Wednesday, 23 January 2013

The story that ended in a bird box.

A few years ago, I was lucky enough to have a winter break in the fabulous village of Portmeirion, North Wales.


The whole place is inspirational,delight after delight. As often as we could, we walked up in the enchanted woods above the village.


I think there is spell on the place because the birds there are so tame. They would take crumbs from your hand  and fly along your walk with you.



I expect, like you, I always return from holiday with bits and pieces that I find, and this  break was no exception.The major trophy this time were some wonderfully huge leaves discovered under trees in that enchanted place. I knew I would use them one day!


They've remained as I found them just like a piece of suede, waiting for their time. Their chance came a few months later when I enrolled on a course at South Worcester College, introducing me to the delights of dyeing and printing fabric.
I did have a wonderful time that year although I missed stitching. It seemed alien to be working with cloth and not sewing it! However by the end of that year I had produced piles of stuff which  could use in further
projects.
That  big leaf became inspiration for a print block. I hand dyed some washed linen and dip dyed parts of  it to add visual interest. Then I printed the leaf in two ways, once as a leaf shape and once as a skeleton using fine string for the veins.
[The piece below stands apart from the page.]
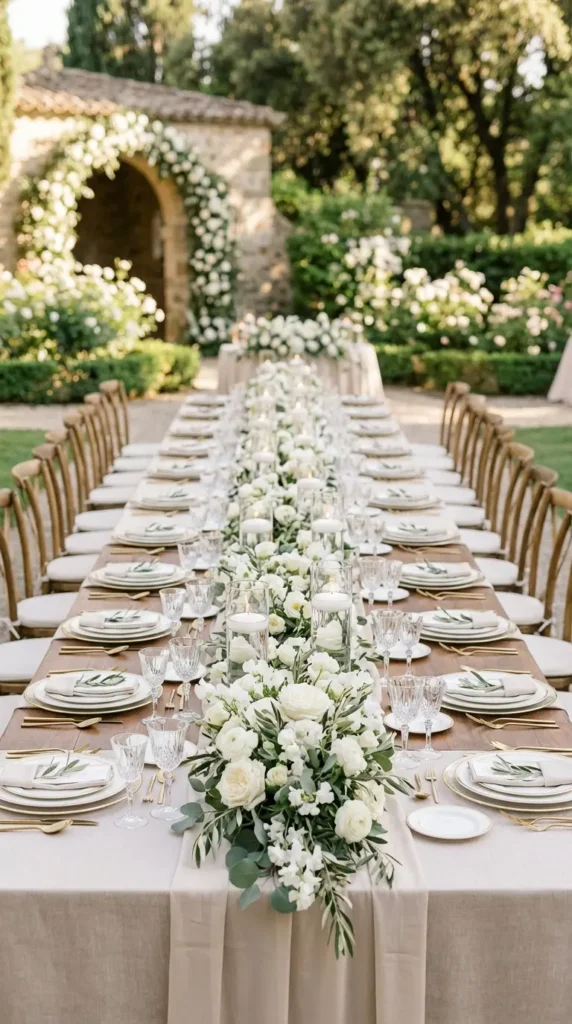 Minimal Greenery and White Flower Centerpieces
The colours I chose were partly to match the interior of my garden room with a nod to the muted colours of Portmeirion.



This piece of linen has been waiting and waiting......I had intended it for a screen,,,but the moment passed.
So, now, the perfect thing...a bird box! ( I'm thinking of those tame birds in the enchanted wood.)
I've made the structure... ( I say 'I', you know I mean the resident architect ...yes, I know it's cheating)..out of foam board.
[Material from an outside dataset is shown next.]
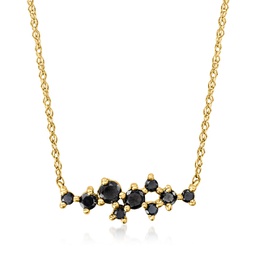 by ross-simons black diamond cluster necklace in 14kt yellow gold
Now I'm stitching the sides, using the simplest of stitches so as to let the fabric tell it's story.





It's funny how the leaf has now taken on the role of tree of that enchanted wood to tell it's story on my bird box.
Haven't finished it yet, too busy blogging, but will update soon I hope.

( This story has been updated... see 'Bird 'des res' ready for Spring'. March 20th 2013.)

Wednesday, 9 January 2013

Blobs for the stairwell


I am making a large piece for our long thin and otherwise useless stairwell wall.  Part of this will be the bobbin lace on plank....perhaps some smocked sail (lots of traditional embroidery/needlework techniques being employed) and circles of freestanding colour.  This idea is based on the course I did with Caroline Parks at the college in Malvern, and the textile artist Michael Brennand-Wood.  He often creates his pieces using three dimensional blobs made from a variety of materials.
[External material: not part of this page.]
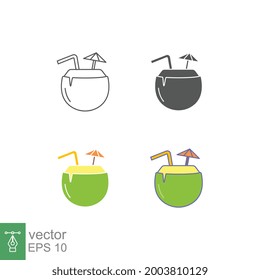 Coconut cocktail with umbrella and straw. Summer cocktail coconut milk drink juice with garnish. Fresh coco milk beverage in beach vacation icon. Vector illustration Design on white background. EPS10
In addition I wanted to have a lively piece that looked different from different directions.  The constraints of the stairwell are both in size but also in safety.  I needed to avoid tripping hazards, and if anyone fell against the work it needed to be non- hazardous.  I tried a variety of materials to hold the blobs in place, and chose aluminium wire which gives a lot of control on the position of the blob but bends easily if compressed.

I bought some tennis ball fabric from the artist scrapstore a while ago and this forms the body of the blob.  I tested some hand-felted pieces which were lovely and very easy to work with, but I would have needed to acquire more materials.  This tennis ball fabric sheds fluorescent yellow fibres and requires a needle to make a hole for the wire to be inserted, but will be adequate.

The facing material is old silk ties that I painted over the last three decades - now that Rod is retired he doesn't need them.  I have been cutting circles a little larger than the felt and hand stitching a gathering stitch around the edge.  Suffolk Puffs!  Not neat, but work fine.  This produces a very varied set of coloured blobs that I can position on a supporting grid when I assemble the work.  The grid itself has not been finalised, though I have a variety of wires to test.

I intend to have this piece ready for the group show in Ledbury in September- stating an objective in public as well as writing it down makes it more likely to be achieved.